Preparation, Transparency Crucial to Handling Data Breaches, Conference Panelists Say

One of the biggest mistakes a company that experiences a data breach can make is to downplay the size of the breach and its effect on the victims, said attorney Jamie Sheller at the HB Litigation Conferences Second Annual NetDiligence® Cyber Risk & Privacy Liability Forum on June 9 in Philadelphia.

Source: Source: NetDiligence Cyber Risk & Privacy Liability Forum | Published on June 10, 2011

Sheller, a plaintiff’s attorney with Sheller, P.C. in Philadelphia said that downplaying the magnitude of a breach “inflames the victims” and “inflames the courts” when the real statistics are revealed to the government.

Defense attorney John Mullen of Nelson, Levine, de Luca & Horst in Philadelphia, who also sat on the panel, said that companies need to assume there’s going to be litigation when a data breach takes place.   He suggested that companies be sure to make the “right deals with the right  vendors” to provide credit monitoring to victims before a breach takes place and to avoid “panic buying” when it does.

“Even if you provide the best package [to victims] you’re not going to stop anyone from suing you,” he said.
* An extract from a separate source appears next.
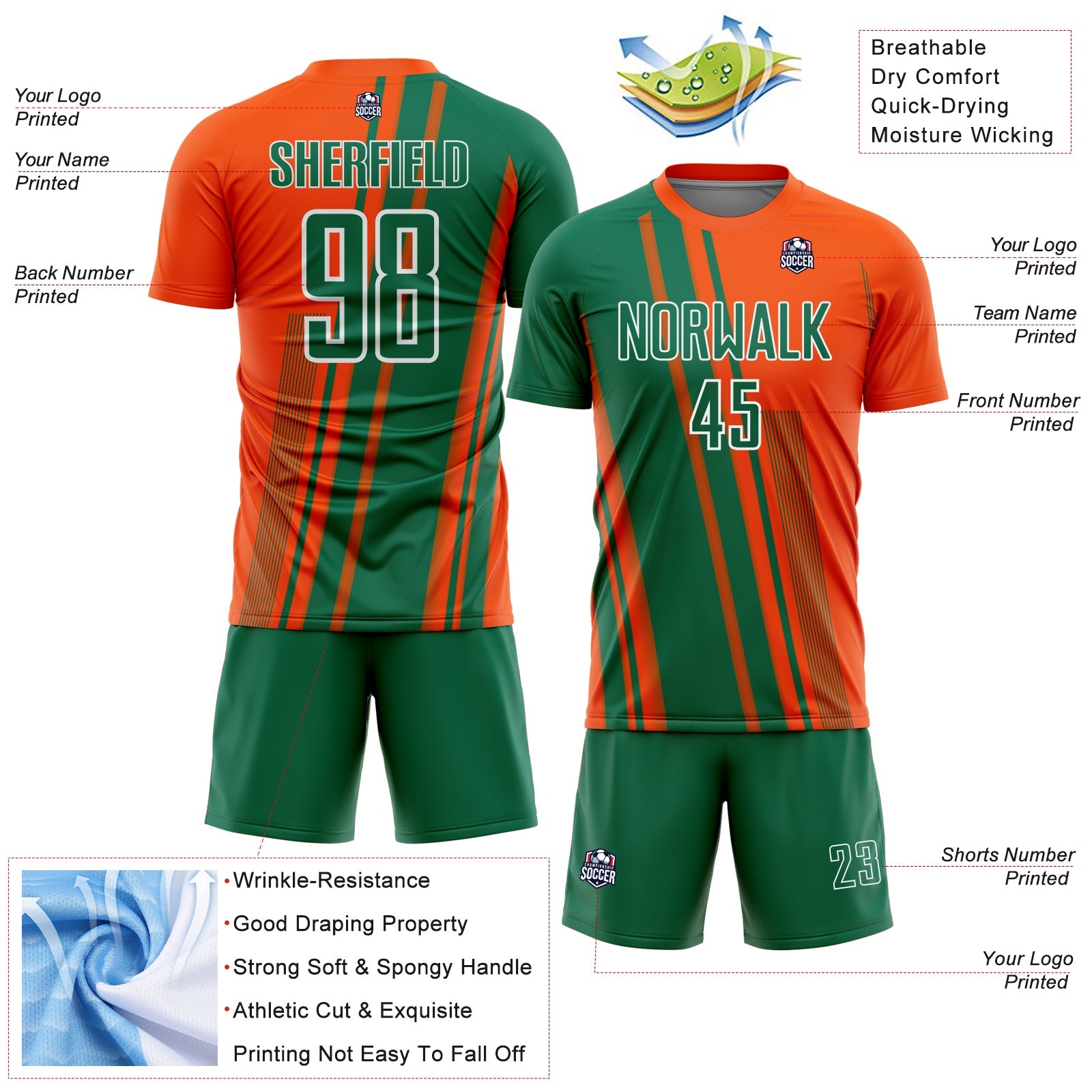 Custom Orange Kelly Green-White Lines Sports Sublimation Soccer Uniform Jersey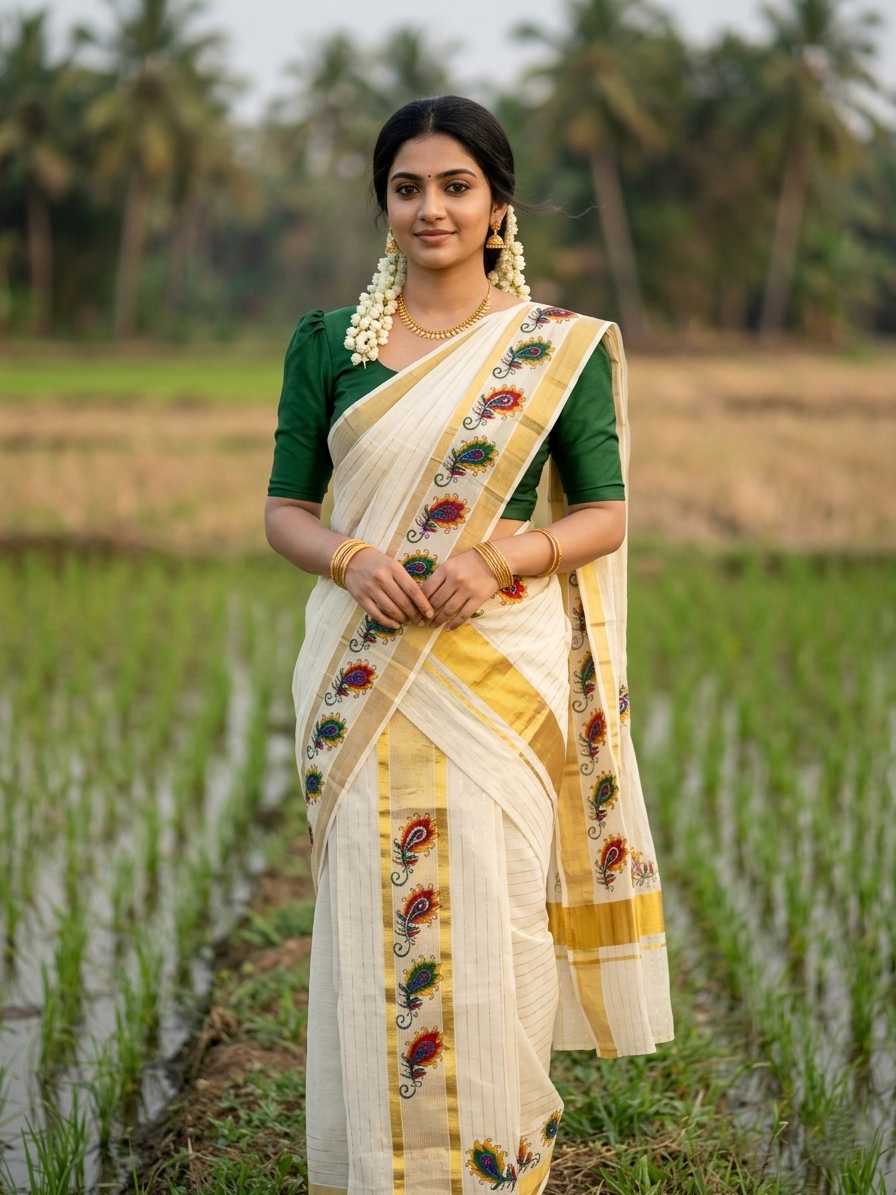Southloom Cotton Lines Single Set Mundu (Mundu Neriyathum) With Peacock Feather Print And Gold Border Kasavu in 2.80 Mtrs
Panelist Richard Bortnick, a defense attorney with Cozen & O’Connor in Conshohocken, PA, said there are three typical scenarios in data breach cases—first, where the company assumes the risk of the breach before it occurs; second, where the company purchases data breach insurance coverage; and third, where the company has done nothing to prepare for a breach.

He said that the last scenario occurs in the “majority of cases.”

Bortnick also stated that the issue of cyber security is “in the cross-hairs of the federal government,” not only of the United States, but other countries throughout the world.

“This is a global, international problem,”  he said.